# Resident importing RHD car to Spain?



## el romeral (May 8, 2012)

Done some searching and can't find a definite answer. 

Can a long time resident of Spain legally import a RHD UK registerd car? Reason I ask is I heard that some ITV stations will not pass such a car for safety reasons?

Anyone any experience of this?


----------



## jojo (Sep 20, 2007)

el romeral said:


> Done some searching and can't find a definite answer.
> 
> Can a long time resident of Spain legally import a RHD UK registerd car? Reason I ask is I heard that some ITV stations will not pass such a car for safety reasons?
> 
> Anyone any experience of this?


 No! If you do you have to have it matriculated and put on spanish plates immediately

Jo xxx


----------



## el romeral (May 8, 2012)

jojo said:


> No! If you do you have to have it matriculated and put on spanish plates immediately
> 
> Jo xxx


The plan would be to register it immediately. So would that make it a "yes"?

My concern was mainly the RHD part.


----------



## xabiaxica (Jun 23, 2009)

el romeral said:


> The plan would be to register it immediately. So would that make it a "yes"?
> 
> My concern was mainly the RHD part.


there are no problems with RHD cars getting through the ITV once matriculated - obviously as long as everything else o
is OK, too


----------



## jojo (Sep 20, 2007)

xabiachica said:


> there are no problems with RHD cars getting through the ITV once matriculated - obviously as long as everything else o
> is OK, too



there was some stuff about the direction of lights I seem to recall??? But its not a big isssue???!!! The matriculation itself is complicated and can be quite costly tho including the import tax etc... but it can and has been done. Personally I wouldnt feel happy driving an RHD car on a LHD road - but then I am a mere woman and get confused easily lol!!! 

Jo xxx


----------



## el romeral (May 8, 2012)

Oops my flags seem to be the wrong way round.
Thanks for replys. I had heard that sombody completed all the matriculation and payment of fees etc, only to fall at the last, when an ITV was not given due to the car being RHD. Can't verify this, however.
Yes, the lights would have to be changed over and perhaps the speedometer? RHD in Spain is not ideal, particularly at carparks etc. Main reason for doing it is the price (even factoring in all associated costs) and the quality and choice of used cars in the UK compared to Spain.


----------



## jojo (Sep 20, 2007)

el romeral said:


> Oops my flags seem to be the wrong way round.
> Thanks for replys. I had heard that sombody completed all the matriculation and payment of fees etc, only to fall at the last, when an ITV was not given due to the car being RHD. Can't verify this, however.
> Yes, the lights would have to be changed over and perhaps the speedometer? RHD in Spain is not ideal, particularly at carparks etc. Main reason for doing it is the price (even factoring in all associated costs) and the quality and choice of used cars in the UK compared to Spain.
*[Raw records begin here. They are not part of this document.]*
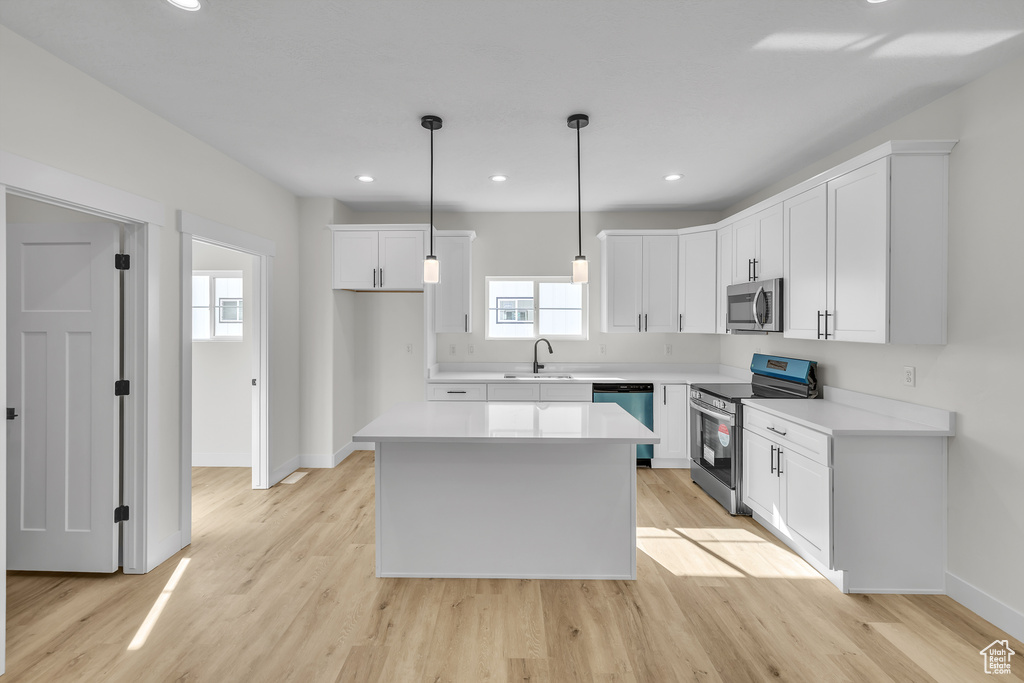 Kitchen featuring white cabinets, a sink, light wood-type flooring, baseboards, and appliances with stainless steel finishes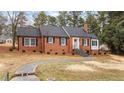 Charming brick ranch home with gray door and stone steps at 103 Park Dr, Oxford, NC 27565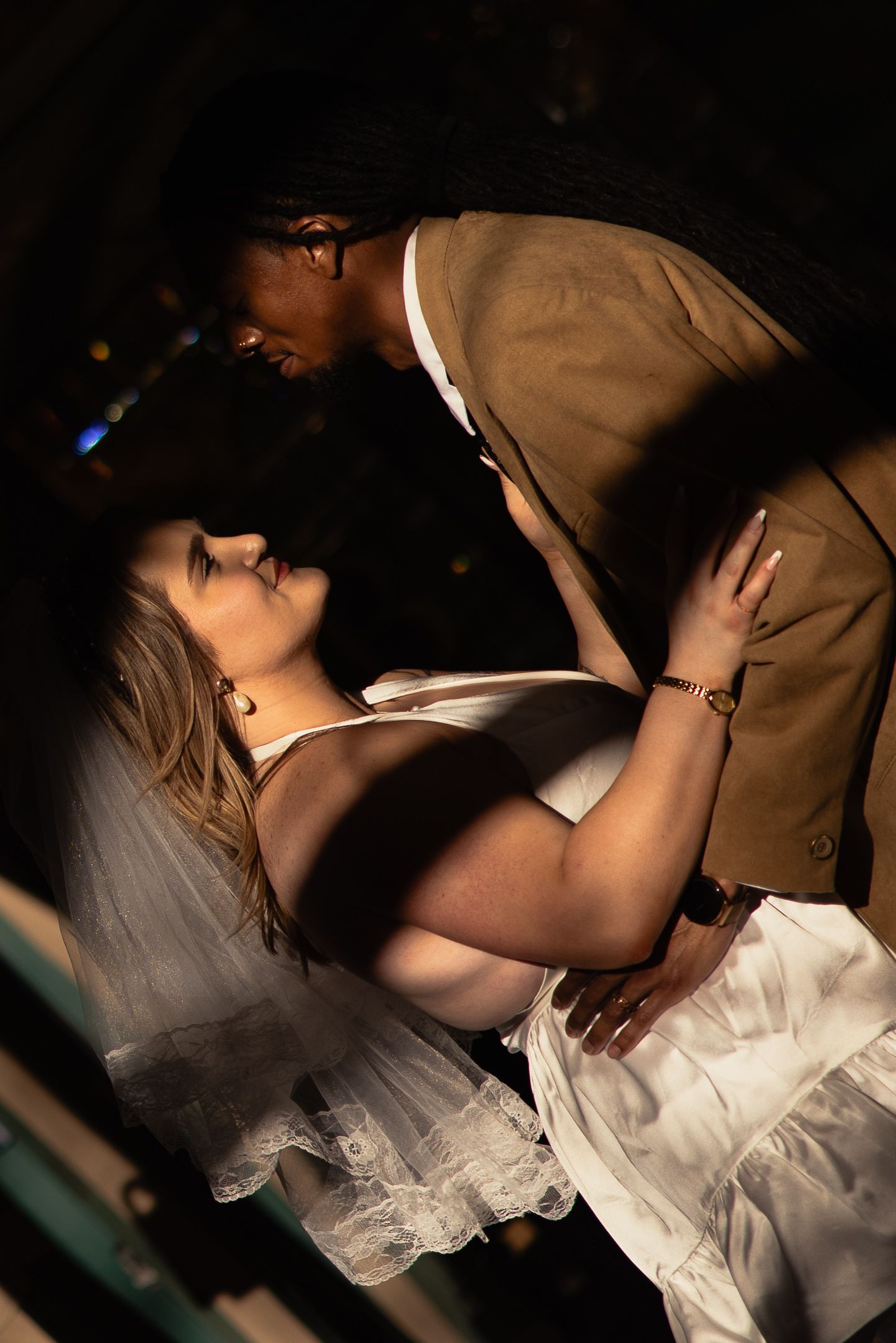 Black and white couple dancing closely at an adventure session, by Sammy Aucella Photography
 Cars are more expensive in Spain theres no doubt. What some people do is buy a LHD in the UK, there are garages in the UK who specialise

Jo xxx


----------



## el romeral (May 8, 2012)

jojo said:


> Cars are more expensive in Spain theres no doubt. What some people do is buy a LHD in the UK, there are garages in the UK who specialise
> 
> Jo xxx


Yes, I have looked at that. What I have observed is that LHD cars for sale in the UK cost quite a bit more that RHD ones.


----------



## Stravinsky (Aug 12, 2007)

el romeral said:


> Yes, I have looked at that. What I have observed is that LHD cars for sale in the UK cost quite a bit more that RHD ones.



They never used to. This is a product of greedy garages I think, seeing that there is a demand

Your question has been answered I think, its possible to import it but you must begin matriculation immediately, and take the associated costs on the chin

For what its worth, I drove a RHD car in Spain (I did have a LHD as well) for 4 or 5 years and it was not a problem, you just adjust your driving style


----------



## snikpoh (Nov 19, 2007)

el romeral said:


> Oops my flags seem to be the wrong way round.
> Thanks for replys. I had heard that sombody completed all the matriculation and payment of fees etc, only to fall at the last, when an ITV was not given due to the car being RHD. Can't verify this, however.
> Yes, the lights would have to be changed over and perhaps the speedometer? RHD in Spain is not ideal, particularly at carparks etc. Main reason for doing it is the price (even factoring in all associated costs) and the quality and choice of used cars in the UK compared to Spain.


Definitely NOT the speedo. BUT, do check that you have two reversing lights and two rear fog lights - if not, then these SHOULD be changed as well.


BTW, it is my belief that (as a resident) you have 30 days to matriculate the vehicle. That is, it does NOT need to be done immediately.


----------



## gus-lopez (Jan 4, 2010)

el romeral said:


> Oops my flags seem to be the wrong way round.
> Thanks for replys. I had heard that sombody completed all the matriculation and payment of fees etc, only to fall at the last, when an ITV was not given due to the car being RHD. Can't verify this, however.
> Yes, the lights would have to be changed over and perhaps the speedometer? RHD in Spain is not ideal, particularly at carparks etc. Main reason for doing it is the price (even factoring in all associated costs) and the quality and choice of used cars in the UK compared to Spain.


Sounds like ' the man in the bar 'again ! 
I've done a few & the 1st part of the process is the itv/ficha tecnica. ( just over 200€) So , assuming that it's mechanically ok & you present the vehicle in the morning (except fridays as Madrid don't work in the afternoon ) you'll usually have the ficha tecnica complete with all details , except a registration number , in the afternoon. 
Then it's local road tax, payable at local council, trafico ( usually miles away .In my case Murcia 80kms away ) , hacienda to find out how much/pay registration tax, then back to trafico to get the fichaa stamped with a reg number & then go & get some plates ! 
I'd check with a Bosch,Lucas,Magnetti-marelli dealer in the uk Or any spares shop that has parts books as to whether your vehicle requires a headlight change as many don't .


----------